Intesa raggiunta al Parlamento Europeo sulla proposta di regolamento di modifica del nuovo sistema di calcolo dei dazi antidumping che si applicherà anche alla Cina. In base all’accordo le imprese europee non vengono caricate di nessun ulteriore onere della prova (che invece emergeva da una prima proposta della Commissione Ue) ed è mantenuto l’attuale livello di dazi sulle importazioni.
Obiettivo che ha guidato l’azione degli organi comunitari è stata la necessità di “proteggere gli interessi dell’industria europea” come ha sottolineato il ministro estone Urve Palo, che ha condotto i negoziati nel semestre di presidenza estone.
Soddisfazione da parte dell’Italia, espressa nell’immediato dal portavoce del PD Matteo Richetti: “Vengono rafforzate le misure anti-dumping in materia di lavoro e protezione ambientale. L’Europa riconosce che le regole devono valere per tutti e, soprattutto, tutela e valorizza la qualità del made in Italy.
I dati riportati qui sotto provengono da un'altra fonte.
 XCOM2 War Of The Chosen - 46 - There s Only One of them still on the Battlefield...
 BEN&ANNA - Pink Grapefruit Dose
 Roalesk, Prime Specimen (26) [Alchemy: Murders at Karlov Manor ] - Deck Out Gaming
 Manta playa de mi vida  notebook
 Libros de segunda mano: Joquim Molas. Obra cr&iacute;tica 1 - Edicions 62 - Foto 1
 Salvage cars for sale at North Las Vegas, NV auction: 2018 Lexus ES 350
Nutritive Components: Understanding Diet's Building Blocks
Siamo soddisfatti del lavoro svolto, che avrà importanti ricadute per la nostra economia – ha affermato – in particolare per quanto riguarda il mio territorio, si tratta di un’ottima notizia per i settori della ceramica, del tessile e della meccanica”.
Questo negoziato era importante perché da dicembre è scaduto il protocollo transitorio previsto dall’adesione della Repubblica Popolare al Wto. L’ex Celeste Impero puntava a un riconoscimento dello status di economia di mercato, con conseguente soppressione di molti dazi anti-dumping, osteggiato da Paesi come l’Italia e la Francia. Uno dei punti principali della nuova normativa invece è che decade la definizione tra economia di mercato e non: tutti i Paesi sono uguali, Cina compresa. Viene inoltre introdotto un meccanismo per difendersi dai concorrenti che distorcono i mercati. Se le imprese europee, i sindacati o gli stakeholder sospettano possibili distorsioni, compreso il dumping sociale e ambientale, possono segnalarlo alla commissione, che avvia un’indagine e redige un rapporto. Nel corso della procedura è previsto un contraddittorio e sarà l’esportatore a dover provare che non sono state attuate pratiche di commercio sleale.
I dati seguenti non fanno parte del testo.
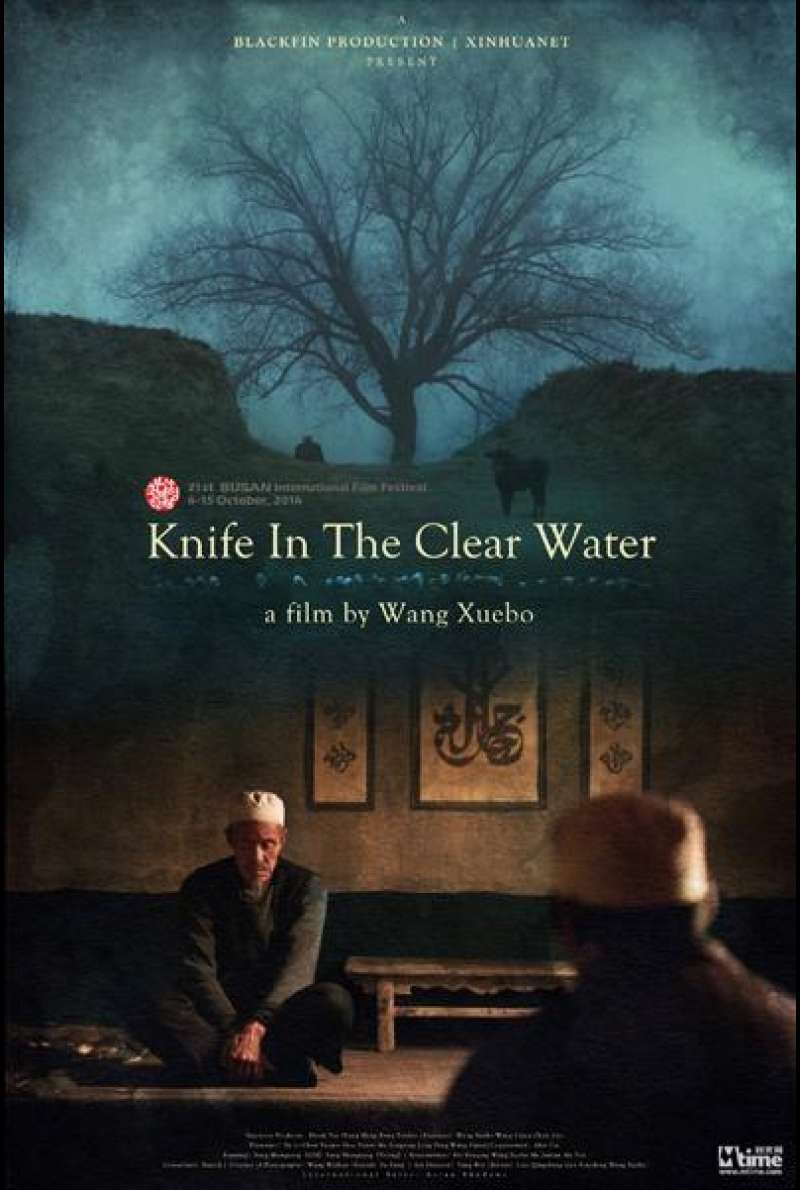 Knife in the Clear Water von Xuebo Wang - Filmplakat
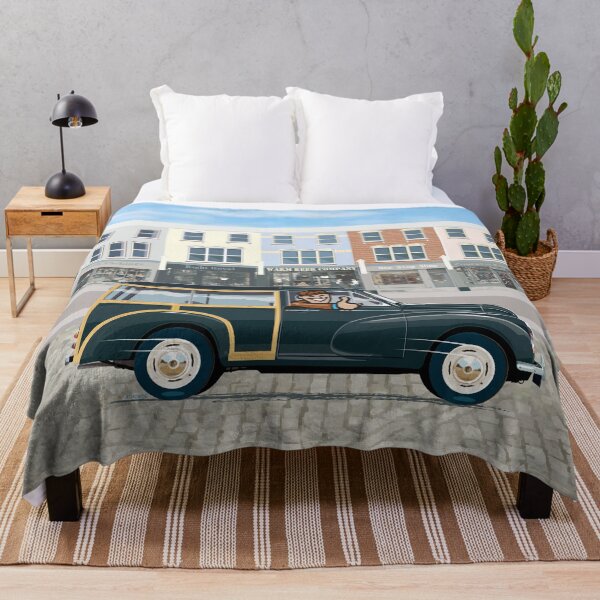 Item preview, Black Morris Minor Traveller designed and sold by Bigs66.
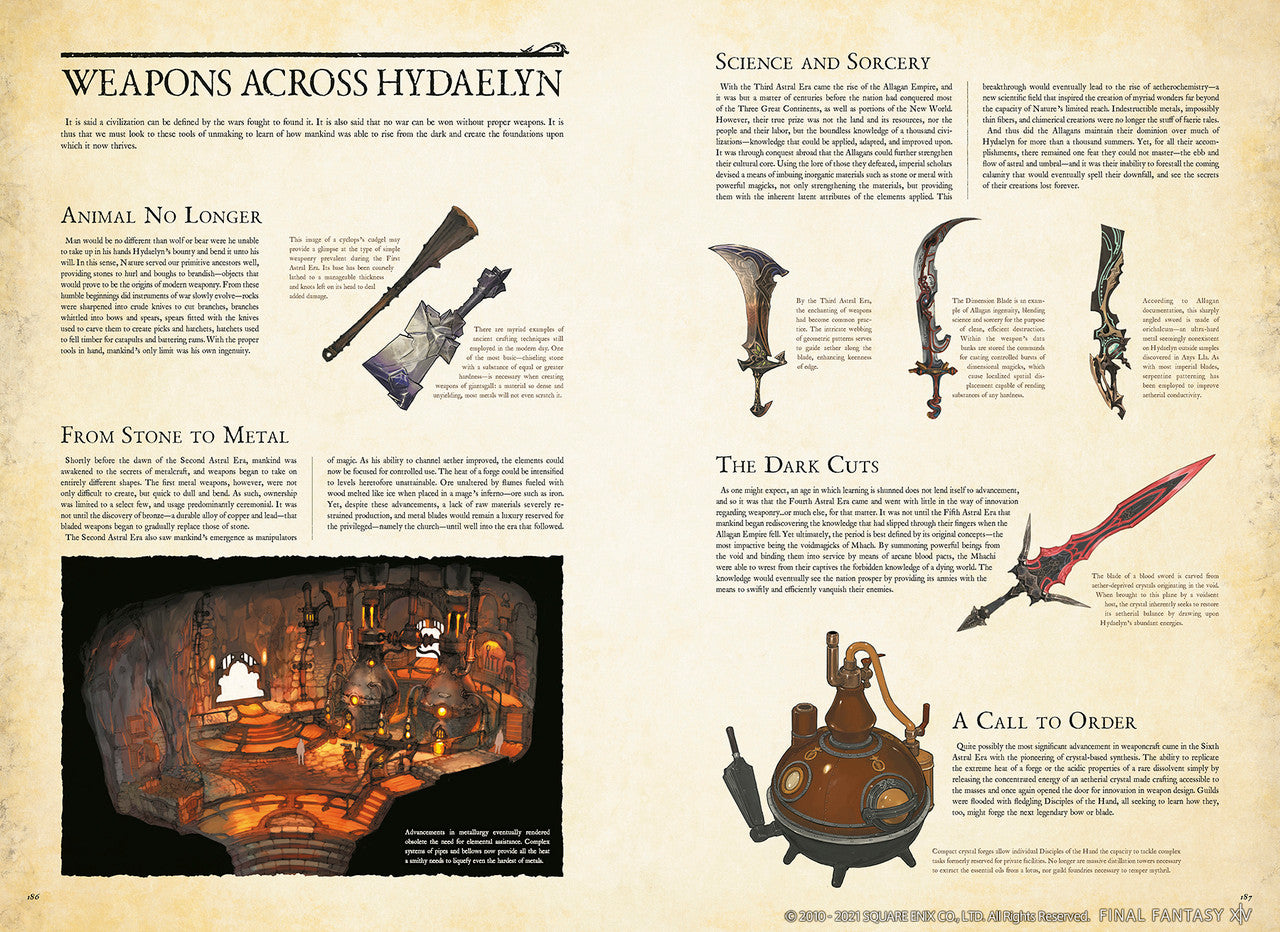 Encyclopaedia Eorzea The World of Final Fantasy XIV Volume II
Moderata soddisfazione anche da parte del ministro per lo Sviluppo economico Carlo Calenda: “Non è una soluzione ottimale, ma dobbiamo avere la consapevolezza di avere fatto tutto il possibile per ottenere un risultato positivo, il migliore possibile”; e da parte della vicepresidente per l’Europa di Confindustria Lisa Ferrarini: “La La proposta iniziale avrebbe regalato lo status di economia di mercato alla Cina, mettendo fuori mercato interi settori produttivi. Questo tentativo è stato sventato”.
Ora l’accordo dovrà essere formalizzato dal Consiglio europeo e votato in seduta plenaria dal Parlamento europeo in novembre.